A French prose translation of Southerne is to be found in Vol. VIII of Le Theâtre Anglois, Londres, 1746. It is entitled L’Adultère Innocent; but the comic underplot is very sketchily analyzed, scene by scene, and the whole is very mediocre withal.

17

This Dedication only appears in the first edition (12mo, 1689), ‘for R. Bentley’. George Granville or Grenville,22 Lord Lansdowne, the celebrated wit, dramatist and poet, was born in 1667. Having zealously offered in 1688 to defend James II, during the subsequent reign he perforce ‘lived in literary retirement’. He then wrote The She Gallants (1696, and 4to, 1696), an excellent comedy full of jest and spirit. Offending, however, some ladies ‘who set up for chastity’ it made its exit. Granville afterwards revived it as Once a Lover and Always a Lover. Heroick Love, a tragedy (1698), had great success. The Jew of Venice (1701), is a piteously weak adaption of The Merchant of Venice. A short masque, Peleus and Thetis accompanies the play. The British Enchanters, an opera (1706), is a pleasing piece, and was very well received. At the accession of Queen Anne, Granville entered the political arena and attained considerable offices of state. Suspected of being an active Jacobite he was, under George I, imprisoned from 25 September, 1715, till 8 February, 1717. In 1722 he went abroad, and lived in Paris for ten years. In 1732 he returned and published a finely printed edition of his complete Works (2 Vols., 4to, 1732; and again, 3 Vols., 1736, 12mo). He died 30 January, 1735, and is buried in St. Clement Danes.

18

To Richard Norton. This Epistle Dedicatory is only to be found in the first edition of The Unfortunate Bride; or, The Blind Lady a Beauty, ‘Printed for Samuel Briscoe, in Charles-Street, Covent-Garden, 1698’, and also dated, on title page facing the portrait of Mrs. Behn, 1700.
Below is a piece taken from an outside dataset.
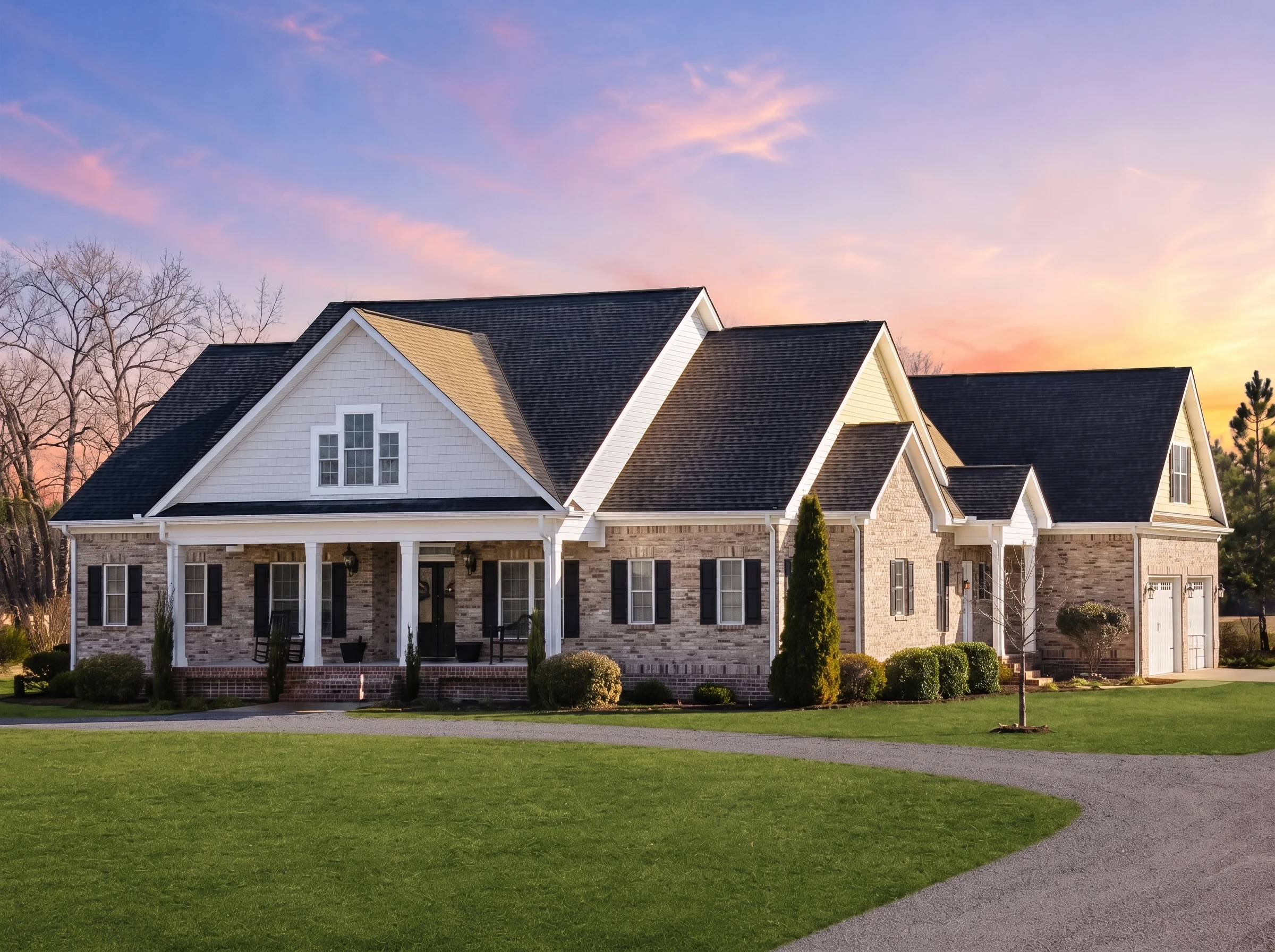 11-1763 HOUSE PLAN – Modern Ranch Home Plan – 4-Bed, 3.5-Bath, 2,874 SF - Natural Brick, AI-generated exterior concept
Southwick, Hants, is a parish and village some 1¾ miles from Portchester, 4½ from Fareham. Richard Norton was son and heir of Sir Daniel Norton, who died seised of the manor in 1636. Richard Norton married Anne, daughter of Sir William Earle, by whom he had one child, Sarah. He was, in his county at least, a figure of no little importance. Tuesday, 12 August, 1701, Luttrell records that ‘an addresse from the grand jury of Hampshire.. was delivered by Richard Norton and Anthony Henly, esqs. to the lords justices, to be laid before his majestie.’ He aimed at being a patron of the fine arts, and under his superintendence Dryden’s The Spanish Friar was performed in the frater of Southwick Priory,23 the buildings of which had not been entirely destroyed at the suppression. Colley Cibber addresses the Dedicatory Epistle (January, 1695) of his first play, Love’s Last Shift (4to, 1696), to Norton in a highly eulogistic strain. The plate of Southwick Church (S. James), consisting of a communion cup, a standing paten, two flagons, an alms-dish, and a rat-tail spoon, is silver-gilt, and was presented by Richard Norton in 1691. He died 10 December, 1732.

19

There are three MSS. Vernon MS., Oxford, edited by Horstmann; MS. Cott, Cleop. D. ix, British Museum; Auchinleck MS., Advocates’ Library, Edinburgh, edited with glossary by F. Schultz, 1876.

20

cf. Masuccio. Il Novellino, No. 23.

21

Bandello’s novels first appeared at Lucca, 4to, 1554. Marguerite of Angoulême died 21 December, 1549. The Heptameron was composed 1544-8 and published 1558.

22

The spelling ‘Greenvil’ ‘Greenviel’ is incorrect.

23

The house was one of Black (Austin) Canons.